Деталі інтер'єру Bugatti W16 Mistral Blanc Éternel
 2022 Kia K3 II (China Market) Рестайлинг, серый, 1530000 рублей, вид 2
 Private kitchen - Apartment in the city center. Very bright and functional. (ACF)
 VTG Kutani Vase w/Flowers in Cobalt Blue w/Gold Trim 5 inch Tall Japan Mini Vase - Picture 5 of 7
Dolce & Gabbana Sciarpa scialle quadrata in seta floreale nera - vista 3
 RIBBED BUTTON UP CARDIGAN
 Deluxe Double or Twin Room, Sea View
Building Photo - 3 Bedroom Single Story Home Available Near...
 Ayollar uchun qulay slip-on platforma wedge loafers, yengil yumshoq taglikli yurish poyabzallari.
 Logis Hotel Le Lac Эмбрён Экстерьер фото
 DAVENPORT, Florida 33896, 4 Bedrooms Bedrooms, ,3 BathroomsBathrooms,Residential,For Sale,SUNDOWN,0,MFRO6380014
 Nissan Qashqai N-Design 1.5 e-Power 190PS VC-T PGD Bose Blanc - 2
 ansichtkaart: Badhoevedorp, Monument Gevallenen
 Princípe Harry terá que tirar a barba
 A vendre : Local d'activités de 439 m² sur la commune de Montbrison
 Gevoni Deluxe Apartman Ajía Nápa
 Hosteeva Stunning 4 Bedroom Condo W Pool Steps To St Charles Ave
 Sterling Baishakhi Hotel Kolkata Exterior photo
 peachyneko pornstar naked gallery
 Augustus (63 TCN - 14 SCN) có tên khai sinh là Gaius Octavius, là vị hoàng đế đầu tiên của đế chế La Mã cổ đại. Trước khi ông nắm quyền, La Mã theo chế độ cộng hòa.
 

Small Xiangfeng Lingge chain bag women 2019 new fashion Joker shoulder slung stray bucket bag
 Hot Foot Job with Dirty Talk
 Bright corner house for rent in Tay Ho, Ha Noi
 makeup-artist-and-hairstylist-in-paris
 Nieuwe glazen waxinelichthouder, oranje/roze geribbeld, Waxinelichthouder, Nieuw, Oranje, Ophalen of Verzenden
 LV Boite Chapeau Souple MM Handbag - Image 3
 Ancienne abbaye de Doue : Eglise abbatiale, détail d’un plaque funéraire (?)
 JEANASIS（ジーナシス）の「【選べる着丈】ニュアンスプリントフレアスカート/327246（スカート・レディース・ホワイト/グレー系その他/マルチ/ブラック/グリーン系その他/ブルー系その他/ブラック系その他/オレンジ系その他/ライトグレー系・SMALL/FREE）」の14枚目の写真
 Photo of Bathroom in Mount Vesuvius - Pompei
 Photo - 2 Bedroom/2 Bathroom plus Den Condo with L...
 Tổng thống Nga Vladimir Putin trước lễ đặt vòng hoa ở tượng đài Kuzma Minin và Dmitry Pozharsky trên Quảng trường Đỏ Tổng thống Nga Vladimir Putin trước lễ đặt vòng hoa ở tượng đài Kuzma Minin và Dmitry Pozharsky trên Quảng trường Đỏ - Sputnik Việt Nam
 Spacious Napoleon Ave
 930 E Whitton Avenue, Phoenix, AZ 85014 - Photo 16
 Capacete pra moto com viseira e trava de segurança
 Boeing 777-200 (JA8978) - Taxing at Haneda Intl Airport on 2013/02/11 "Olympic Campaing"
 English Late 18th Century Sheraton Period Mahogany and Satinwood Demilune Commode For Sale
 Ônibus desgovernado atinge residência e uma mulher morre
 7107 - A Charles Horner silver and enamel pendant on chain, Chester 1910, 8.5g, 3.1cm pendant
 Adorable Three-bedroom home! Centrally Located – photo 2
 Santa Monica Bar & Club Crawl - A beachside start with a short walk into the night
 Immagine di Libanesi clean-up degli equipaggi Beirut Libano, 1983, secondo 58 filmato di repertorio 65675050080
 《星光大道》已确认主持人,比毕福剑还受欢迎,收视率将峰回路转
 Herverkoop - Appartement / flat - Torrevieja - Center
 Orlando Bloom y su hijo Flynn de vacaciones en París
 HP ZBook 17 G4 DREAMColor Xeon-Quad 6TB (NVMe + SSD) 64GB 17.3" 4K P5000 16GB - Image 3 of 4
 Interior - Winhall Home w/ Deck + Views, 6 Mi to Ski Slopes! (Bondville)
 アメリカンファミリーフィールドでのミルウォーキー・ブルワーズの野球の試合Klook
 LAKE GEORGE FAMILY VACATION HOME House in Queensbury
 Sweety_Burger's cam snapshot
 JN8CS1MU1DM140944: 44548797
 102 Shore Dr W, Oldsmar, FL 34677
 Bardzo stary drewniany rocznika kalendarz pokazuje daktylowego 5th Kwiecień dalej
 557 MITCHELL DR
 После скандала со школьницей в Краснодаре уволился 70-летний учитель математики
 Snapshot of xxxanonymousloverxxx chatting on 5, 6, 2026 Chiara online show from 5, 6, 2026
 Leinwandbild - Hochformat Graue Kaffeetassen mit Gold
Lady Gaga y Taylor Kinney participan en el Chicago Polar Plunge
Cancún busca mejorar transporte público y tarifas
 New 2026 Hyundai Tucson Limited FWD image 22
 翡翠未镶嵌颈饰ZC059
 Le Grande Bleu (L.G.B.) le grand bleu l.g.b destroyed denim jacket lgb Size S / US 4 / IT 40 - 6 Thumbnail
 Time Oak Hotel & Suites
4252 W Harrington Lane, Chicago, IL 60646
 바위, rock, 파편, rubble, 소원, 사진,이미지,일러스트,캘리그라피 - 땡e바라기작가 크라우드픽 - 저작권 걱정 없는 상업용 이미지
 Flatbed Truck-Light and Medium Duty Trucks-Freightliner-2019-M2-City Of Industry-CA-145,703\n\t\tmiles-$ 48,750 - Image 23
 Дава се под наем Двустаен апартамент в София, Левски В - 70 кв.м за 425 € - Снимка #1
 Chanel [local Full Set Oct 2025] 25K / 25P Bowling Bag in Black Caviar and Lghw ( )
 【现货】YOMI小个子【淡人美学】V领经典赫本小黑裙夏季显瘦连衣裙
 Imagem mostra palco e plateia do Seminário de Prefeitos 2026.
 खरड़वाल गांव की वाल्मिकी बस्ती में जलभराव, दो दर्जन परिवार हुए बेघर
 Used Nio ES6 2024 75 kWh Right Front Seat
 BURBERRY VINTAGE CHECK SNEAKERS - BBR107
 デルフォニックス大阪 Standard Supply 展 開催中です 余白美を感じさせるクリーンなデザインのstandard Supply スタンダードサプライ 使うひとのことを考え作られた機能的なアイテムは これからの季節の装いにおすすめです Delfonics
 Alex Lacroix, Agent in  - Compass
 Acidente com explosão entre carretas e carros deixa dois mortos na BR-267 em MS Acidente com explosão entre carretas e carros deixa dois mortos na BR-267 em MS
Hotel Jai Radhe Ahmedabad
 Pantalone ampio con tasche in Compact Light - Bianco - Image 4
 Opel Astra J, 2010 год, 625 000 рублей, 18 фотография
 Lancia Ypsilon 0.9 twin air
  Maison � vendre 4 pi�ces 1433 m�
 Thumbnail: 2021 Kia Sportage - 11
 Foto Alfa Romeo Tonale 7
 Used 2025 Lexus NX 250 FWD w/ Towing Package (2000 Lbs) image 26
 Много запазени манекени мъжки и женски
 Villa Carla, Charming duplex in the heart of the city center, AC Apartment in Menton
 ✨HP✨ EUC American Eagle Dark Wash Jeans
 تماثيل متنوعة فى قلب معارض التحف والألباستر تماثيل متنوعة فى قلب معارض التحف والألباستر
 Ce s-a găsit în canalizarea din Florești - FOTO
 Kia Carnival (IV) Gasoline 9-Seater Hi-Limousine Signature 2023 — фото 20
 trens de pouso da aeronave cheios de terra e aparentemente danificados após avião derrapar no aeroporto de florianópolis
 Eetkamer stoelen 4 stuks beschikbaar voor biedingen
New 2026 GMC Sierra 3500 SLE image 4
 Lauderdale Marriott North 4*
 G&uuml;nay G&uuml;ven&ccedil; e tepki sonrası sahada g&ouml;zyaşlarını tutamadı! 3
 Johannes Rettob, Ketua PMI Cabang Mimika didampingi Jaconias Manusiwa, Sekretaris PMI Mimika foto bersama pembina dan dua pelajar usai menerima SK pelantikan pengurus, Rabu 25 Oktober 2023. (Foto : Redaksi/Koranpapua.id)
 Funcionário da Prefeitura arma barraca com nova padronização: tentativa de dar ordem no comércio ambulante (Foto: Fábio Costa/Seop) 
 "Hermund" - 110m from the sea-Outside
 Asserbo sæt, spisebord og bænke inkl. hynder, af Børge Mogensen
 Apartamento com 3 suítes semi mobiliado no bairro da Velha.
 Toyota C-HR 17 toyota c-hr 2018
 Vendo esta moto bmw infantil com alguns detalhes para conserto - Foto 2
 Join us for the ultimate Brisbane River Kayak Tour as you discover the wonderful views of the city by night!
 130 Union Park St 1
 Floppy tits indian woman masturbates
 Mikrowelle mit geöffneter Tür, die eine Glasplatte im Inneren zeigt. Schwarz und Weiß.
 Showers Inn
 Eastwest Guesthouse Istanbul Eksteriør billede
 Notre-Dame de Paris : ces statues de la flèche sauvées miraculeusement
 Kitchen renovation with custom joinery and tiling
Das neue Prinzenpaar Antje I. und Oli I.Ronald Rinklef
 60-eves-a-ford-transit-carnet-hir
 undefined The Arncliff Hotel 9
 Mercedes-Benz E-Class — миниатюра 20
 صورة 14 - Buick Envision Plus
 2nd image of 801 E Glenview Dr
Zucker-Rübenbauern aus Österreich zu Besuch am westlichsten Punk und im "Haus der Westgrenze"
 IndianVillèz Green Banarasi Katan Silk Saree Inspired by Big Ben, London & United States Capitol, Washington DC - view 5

> [The task] Each line from the start of the listing above through the line containing "Logis Hotel Le Lac Эмбрён Экстерьер фото" must be reproduced exactly. Leave out the rest.

> [Response below]
Деталі інтер'єру Bugatti W16 Mistral Blanc Éternel
 2022 Kia K3 II (China Market) Рестайлинг, серый, 1530000 рублей, вид 2
 Private kitchen - Apartment in the city center. Very bright and functional. (ACF)
 VTG Kutani Vase w/Flowers in Cobalt Blue w/Gold Trim 5 inch Tall Japan Mini Vase - Picture 5 of 7
Dolce & Gabbana Sciarpa scialle quadrata in seta floreale nera - vista 3
 RIBBED BUTTON UP CARDIGAN
 Deluxe Double or Twin Room, Sea View
Building Photo - 3 Bedroom Single Story Home Available Near...
 Ayollar uchun qulay slip-on platforma wedge loafers, yengil yumshoq taglikli yurish poyabzallari.
 Logis Hotel Le Lac Эмбрён Экстерьер фото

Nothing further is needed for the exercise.